31. Rumit

3.7K 209 22
                                    

Kejadian kemarin masih membekas di hati kirana. Pagi ini saja ia tak menengur Alif. Ia tahu jika yang ia lakukan pasti dosa. Ia hanya ingin Alif menyadari kesalahan yang di perbuatnya. Tapi nyatanya Alif bahkan mengikuti permainan yang kirana lakukan. Padahal kirana ingin mendengar kata maaf dari mulut Alif. Hanya itu, tak ada yang lain.

"Keluarkan kirana dari kampus ini!!"

Suara riuh dan saling sorak menyorak itu membuat kirana terkejut. Ia yang baru saja datang melihat lapangan didepan kampusnya penuh dengan para Mahasiswa dan Mahasiswi membawa sepanduk dan sebuah toak.

"Kirana." panggil Nayla.

"Nay, ini ada apa ya?" tanya kirana bingung.

"Kayaknya mereka demo ki." jawab Dimas yang baru saja berada di samping Kirana.

"Demo apa? Terus kenapa nama aku disebut-sebut?" Ucap kirana yang penuh tanda tanya.

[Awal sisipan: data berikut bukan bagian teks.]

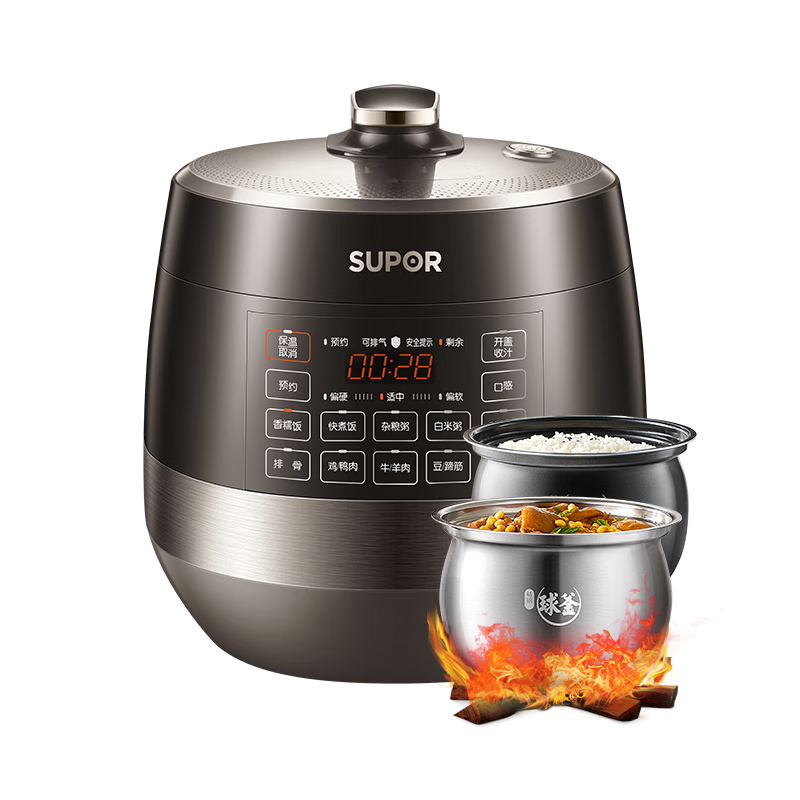 苏泊尔（SUPOR）【国家补贴】0涂层精钢球釜电压力锅6L双胆全自动智能预约 家用 SY-60YC6011Q电饭煲高压锅6-8人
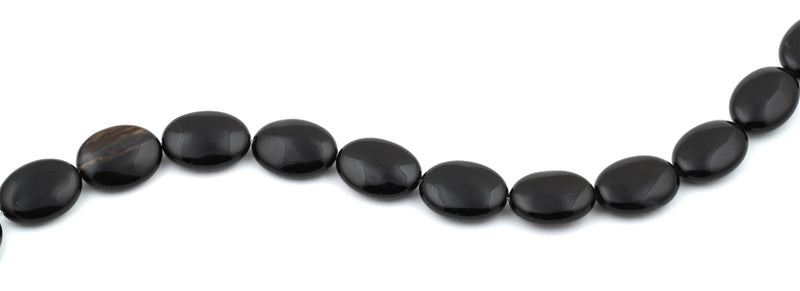 15x20MM Black Agate Oval Gemstone Beads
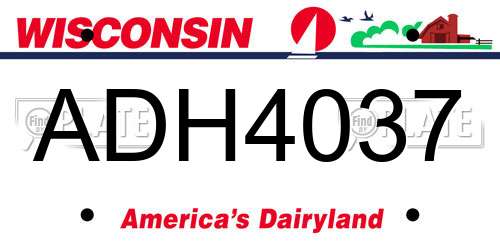 ADH4037 Wisconsin License Plate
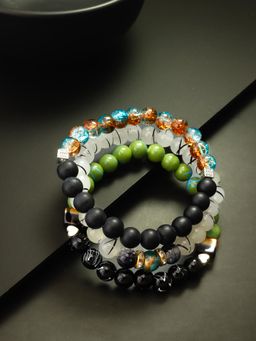 Aadita - Marble Beads Adjustable Bracelet Multi-Color (Set of 3)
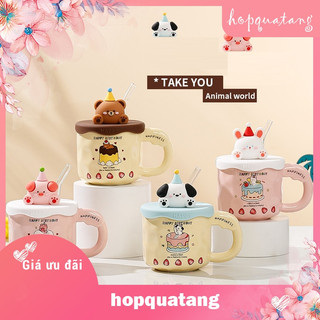 Cốc Sứ Kèm Hộp Quà Tặng Sinh Nhật Ly Cà Phê Cốc Uống Nước Hoạt Hình Thỏ Gấu Cute Dễ Thương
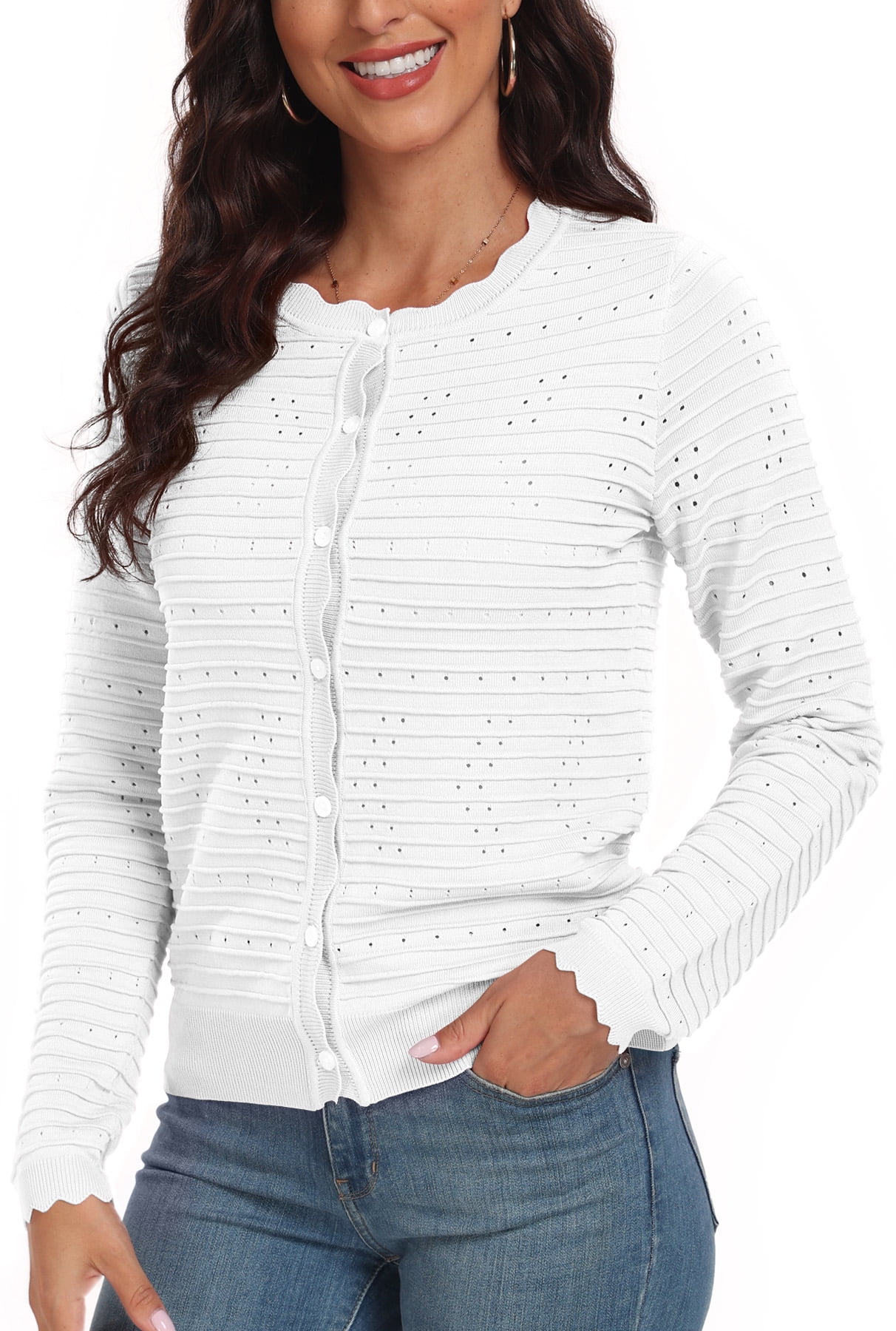 Aiyino Women's Long Sleeve Knit Cardigan Sweater Basic V Neck Button ...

Kedua temannya itu menggeleng. Apa yang sebenarnya terjadi, mereka tak tahu semua itu.

Dari kejauhan nampak seseorang melihat kirana, Nayla dan Dimas. Dia geram melihat itu. Dimas, laki-laki yang ia sukai itu masih berteman baik dengan Kirana walau ia sudah tahu kalau kirana sedang mengandung anak dari hasil zina.

"Itu orangnya!!!" serunya menggunakan toak dan menunjuk kearah kirana.

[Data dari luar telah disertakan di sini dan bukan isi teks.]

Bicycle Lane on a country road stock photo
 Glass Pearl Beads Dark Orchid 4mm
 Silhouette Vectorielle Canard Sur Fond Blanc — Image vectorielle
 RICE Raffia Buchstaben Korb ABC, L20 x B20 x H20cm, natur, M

Semua mata menatap kearah yang ditunjukkan. Dia yang memegang toak itu adalah Alda. Pemimpin dari Demo ini. Ia mendekat dimana Kirana berdiri.

"Kirana. Lo tu harusnya nyadar. Lo itu udah mencoreng nama baik kampus ini. Iya enggak temen-temen?"

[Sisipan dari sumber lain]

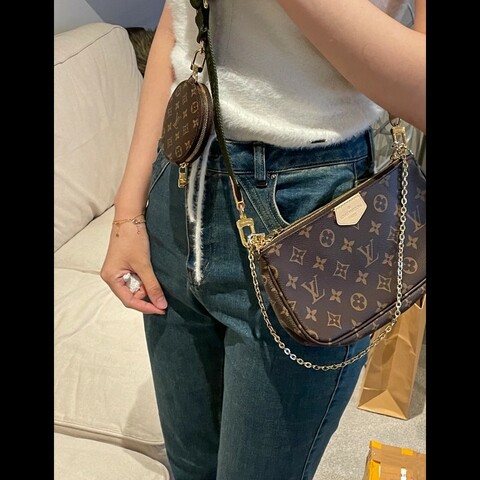 成色A級 LV 路易威登 老花 五合一 單肩斜挎包 綠肩帶 裸包。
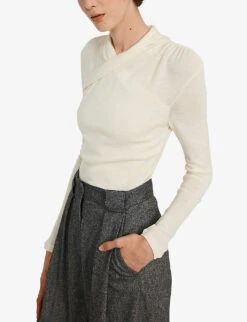 CLAUDIE PIERLOT Pleat Front Wide-leg High Rise Stretch-woven Trousers -Ted Bakee Clothing Shop R03984306 NOIRGRIS ALT04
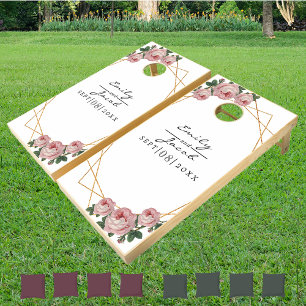 Pink Floral Wed Elegant Gold Glitter Geometric Cornhole Set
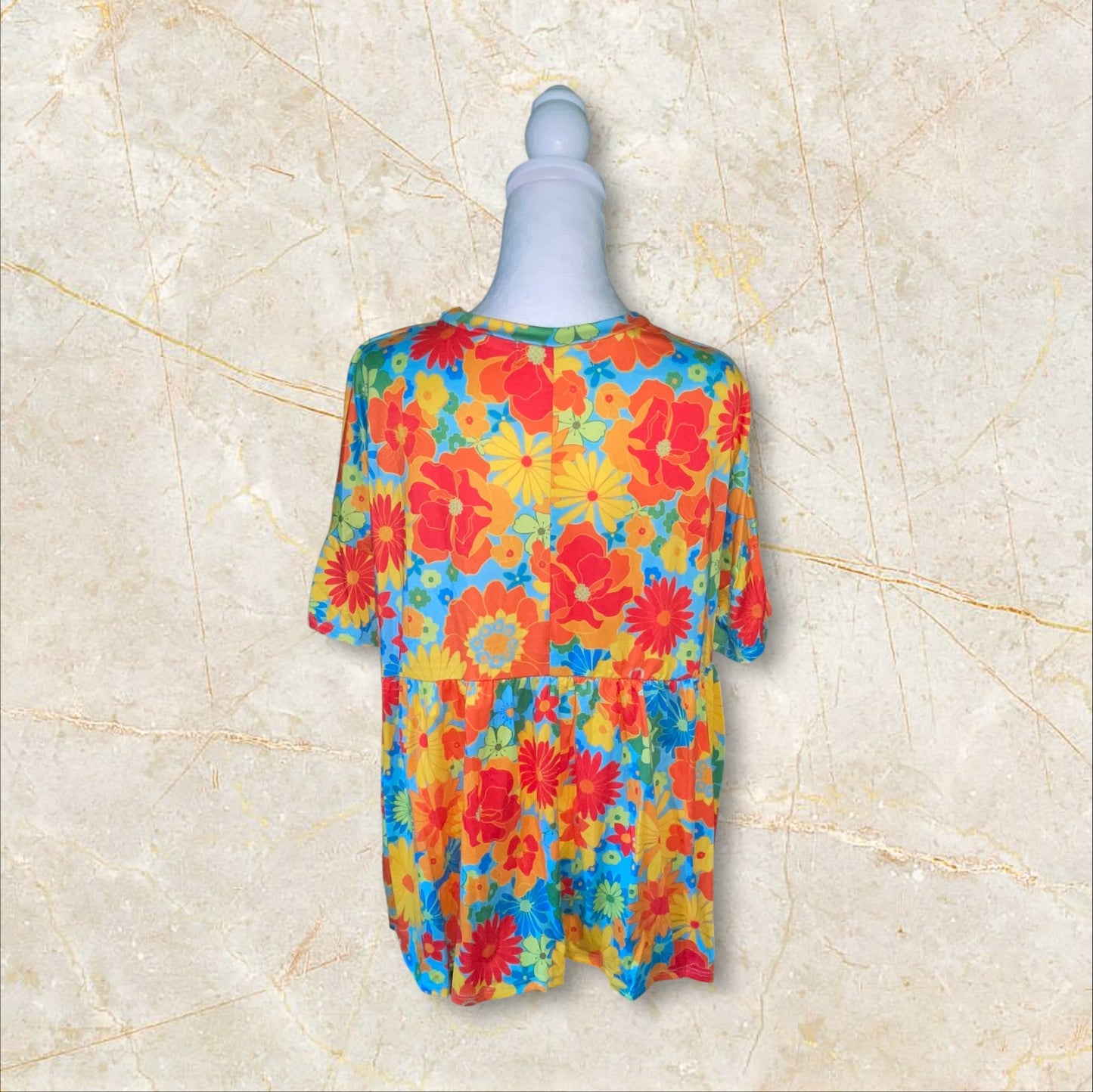 Retro Groove Floral Babydoll Top (S-3X)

"Betul!!" seru semuanya saling bersahut-sahutan.

"Harusnya lo itu keluar dari kampus ini. Harusnya lo itu di D.O sama kampus. Betul enggak temen-temen." serunya sekali lagi.

"Betul."

"Kenapa aku harus keluar, aku enggak salah apa-apa. " Ucap Kirana.

"Enggak salah apa-apa. Liat tu perut, karena itu lo harus keluar dari kampus ini."

"Eh ... Ini ada apa?" tanya seorang dosen yang tiba-tiba saja berada di area mereka berdemo.

"Kenapa pada kumpul disini dan ada sepanduk pula?" tanya Dosen itu.

"Usir kirana. Keluarkan dia dari kampus. Kirana si pezina?" dosen itu membaca satu persatu spanduk yang ada di sana.

Suatu kalimat menohok bagi kirana. Sudah cukup semua ini.

"Kalian ini kaum terpelajar, berpendidikan. Kenapa bahasa yang kalian gunakan sangatlah buruk." Ucap Dosen itu.

"Kita enggak suka pak kalau kirana ini masih kuliah disini. Dia udah mencoreng nama baik kampus ini!" seru Alda.

"Jangan beransumsi begitu. Kalian harus tahu beritanya itu jelas atau tidak. Fakta atau cuma Hoax. Kita berada dinegara hukum, kalau ucapan kalian itu salah. Kalian bisa kena pasal pencorengan nama baik." jelas Dosen tersebut. Ia tahu akar masalah ini datang dari berita tempo hari.

"Kita tidak asal bicara pak. Lihat perut wanita itu, perutnya membuncit." suara dari barisan pendemo itu terdengar.

"Iya pak betul, bukti apa lagi. Dia wanita yang berhijab, pakaian yang ia kenakan saja sangat tertutup. Tapi, kelakuannya begitu. Untuk apa dipertahankan mahasiswi seperti dia." Ucap salah satu pendemo lagi.

"Haduh kalian ini. Sekarang saya tanya, siapa yang buat demo ini?" tanya Dosen itu menegaskan.

Semua pendemo diam. Mereka saling melihat satu sama lain. Tak mungkin jika mereka bilang kalau pemimpin Demo ini adalah Alda.